If different teams need separate CPU and memory quotas, you can deploy Spark workloads (drivers and executors) into additional namespaces via the namespaces list in values.yaml. The data plane's own namespace is always included automatically.

Each extra namespace gets its own copies of:

Prefect Worker
Spark Proxy Server (when Arrow Flight proxy is enabled)
Event Stream pods (when event streams are enabled)

For details, see Connect Namespace. For full multi-cluster topology, see Multi-Cluster Setup.

Priority Classes

PriorityClasses let Kubernetes preempt lower-priority pods when resources are scarce. When priorityClasses is enabled, Spark workloads are assigned these classes:

Priority Class	Workload Type
`iomete-compute`	Compute clusters
`iomete-spark-job`	Spark jobs
`iomete-notebook`	Jupyter containers
`iomete-operational-support`	Job Orchestrator workers

Autoscaling

For services that handle variable load, you can turn on Horizontal Pod Autoscaling (HPA). It's disabled by default and must be enabled per-service in values.yaml.

Service	HPA Support	Notes
iom-gateway	Yes	Disabled by default
iom-core	Yes	Disabled by default
iom-cluster	Yes	Disabled by default
iom-identity	Yes	Disabled by default
iom-catalog	Yes	Disabled by default
iom-rest-catalog	Yes	Disabled by default
spark-submit-service	Yes	Disabled by default
iom-collab	Yes	Memory-based (85%) primary, CPU (80%) secondary
iom-event-stream-proxy	Yes	Enabled by default (1-4 replicas, 80% CPU)
iom-sql	No	Fixed at 1 replica

Feature Flags

Feature flags control what gets deployed and how the platform behaves.
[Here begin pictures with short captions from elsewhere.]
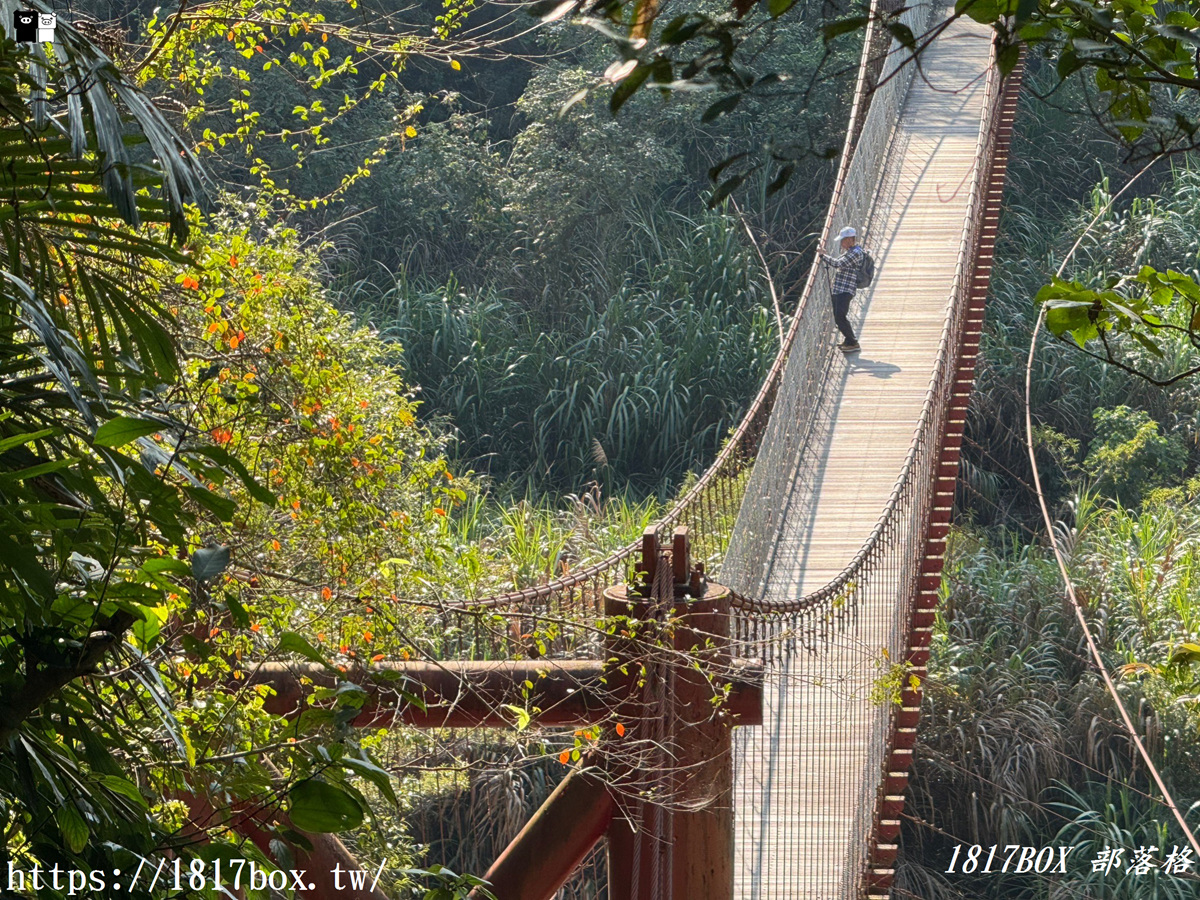 【苗栗。泰安】水雲吊橋。紅色吊橋橫跨在汶水溪上。偶像劇拍攝景點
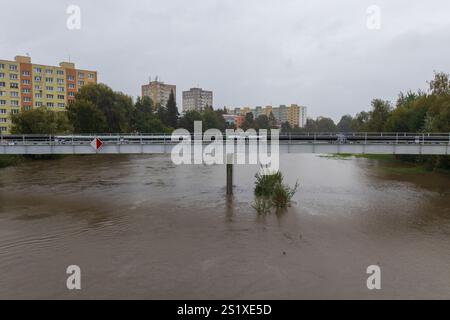 Ceske Budejovice, repubblica Ceca – 14 settembre 2024: Fiume Moldava gonfio sotto il ponte, pericolo di inondazione Foto Stock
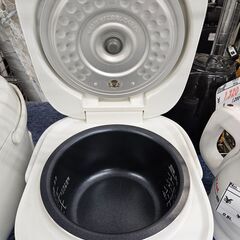 リサイクルショップどりーむ天保山店　No2560　炊飯器　タイガー　2023年製　3合炊きの画像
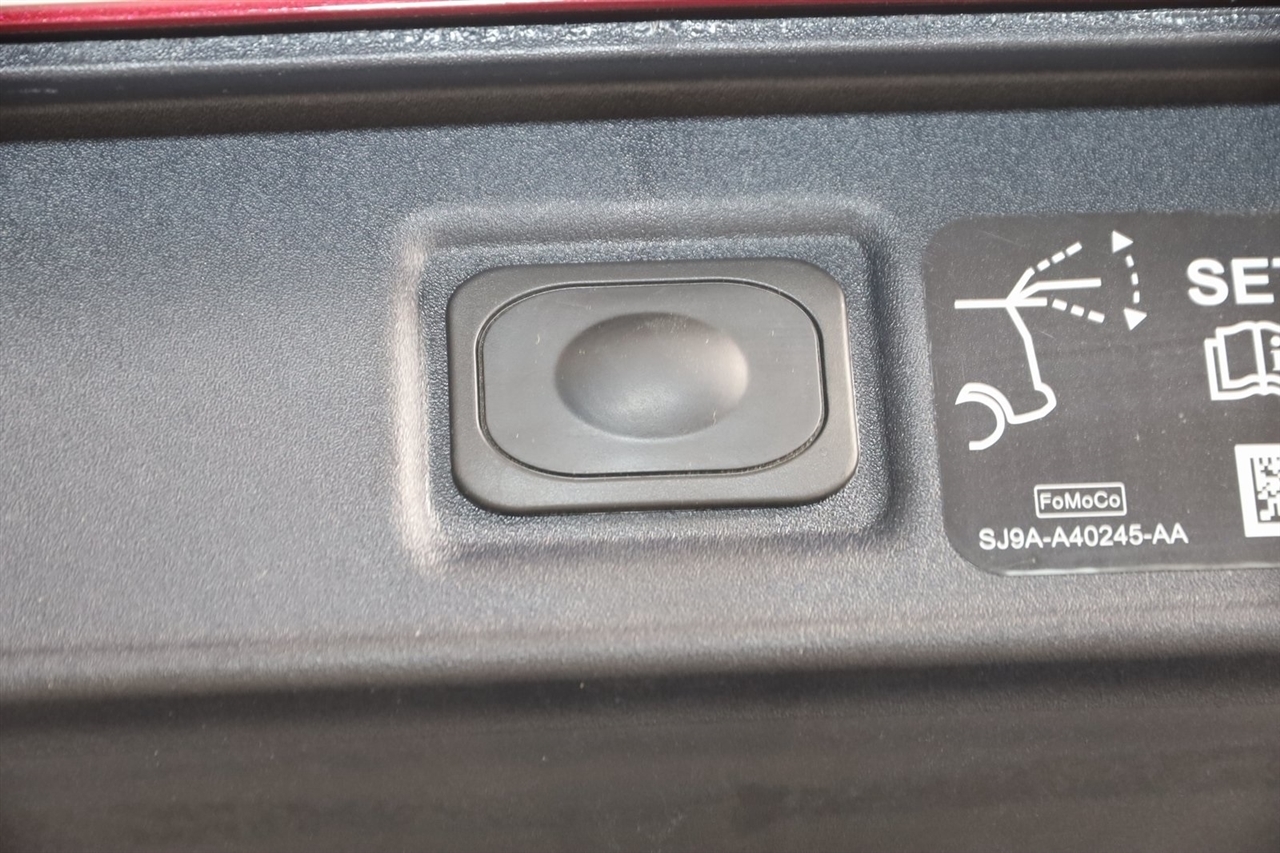 Ford Mustang Mach-E  2025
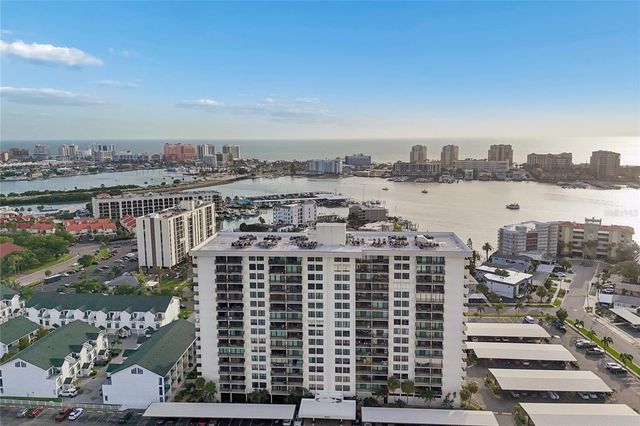 400 ISLAND WAY 211, Clearwater Beach, FL 33767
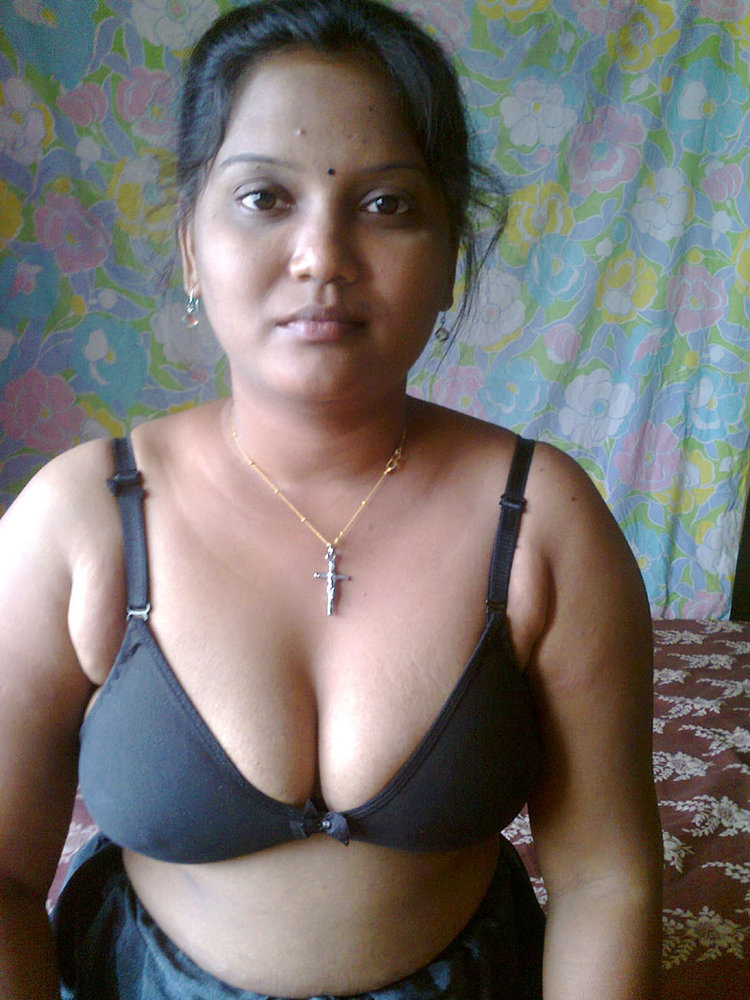 Big boob Desi wife sex pics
Most live in values.yaml under features: and reach every service through the data-plane secret. A few flags use different paths (noted in the table).

Deployment Flags

These flags control whether entire services or subsystems are deployed at all:

Flag	Services Deployed	Default
`enableCollaborativeSqlEditor`	iom-collab	`false`
`services.nats.enabled`	NATS cluster	`false`
`eventStream`	iom-event-stream, iom-event-stream-proxy	`false`
`jobOrchestrator`	prefect-server, prefect-worker, metrics-exporter	`false`
`sparkProxyForArrowFlight`	spark-proxy-server (per-namespace)	`false`
`enableAutomatedMaintenance`	iom-maintenance	`false`
`ratelimiter`	iom-ratelimiter	`false`
`jupyterContainers`	jupyter-containers ConfigMap	`false`

Runtime Behavior Flags

These flags toggle features without adding or removing services:

Flag	Effect When Enabled	Default
`arrowFlightConnection`	Arrow Flight connections available for compute clusters	`true`
`arrowFlightForDbExplorer`	DB Explorer uses Arrow Flight instead of Spark Connect REST	`false`
`activityMonitoring`	Query monitoring and resource tracking	`false`
`downloadQueryResults`	SQL query result download in UI	`true`
`caseInsensitiveIcebergIdentifiers`	Iceberg table/database names are case-insensitive	`false`
`iometeSparkLivenessProbe`	Additional liveness probe on Spark driver pods	`true`
`icebergRestCatalogStrictMode`	Database must exist before creating tables	`false`
`priorityClasses`	Spark workloads use PriorityClasses	`false`
`emailNotifications`	Email notifications available	`true`
`sparkJobArchival`	Archival of Spark job history	`false`
`onboardComputeRas`	Resource Access Service for compute clusters	`false`
`onboardSparkJobRas`	Resource Access Service for Spark jobs	`false`
`onboardWorkspaceRas`	Resource Access Service for SQL workspaces	`false`
`onboardNamespaceMappingRas`	Namespace-level access control	`false`
`domainLevelBundleAuthorization`	Domain-level bundle-based authorization	`false`
`secretsV2`	New secrets management system	`false`
`dataAccessAudit`	Data access audit logging	`false`
`icebergMetrics`	Iceberg table metrics sent to event stream	`true`
`scheduling`	SQL scheduling (requires `jobOrchestrator`)	`false`
`ldapGroupInheritance`	LDAP group hierarchy inheritance	`true`
`identitySoftDelete`	Soft delete for users/groups	`false`
`showExecutorLogs`	Executor logs visible in UI	`true`

Prerequisite Chain

Don't enable domainLevelBundleAuthorization until all four RAS flags are active (onboardComputeRas, onboardSparkJobRas, onboardWorkspaceRas, onboardNamespaceMappingRas) and you've run the migration script. Skipping this order breaks authorization.

Storage Configuration

Object Storage

All table data, Spark event logs, and SQL results live in object storage, making it the most important infrastructure dependency. Configure the provider and credentials in values.yaml.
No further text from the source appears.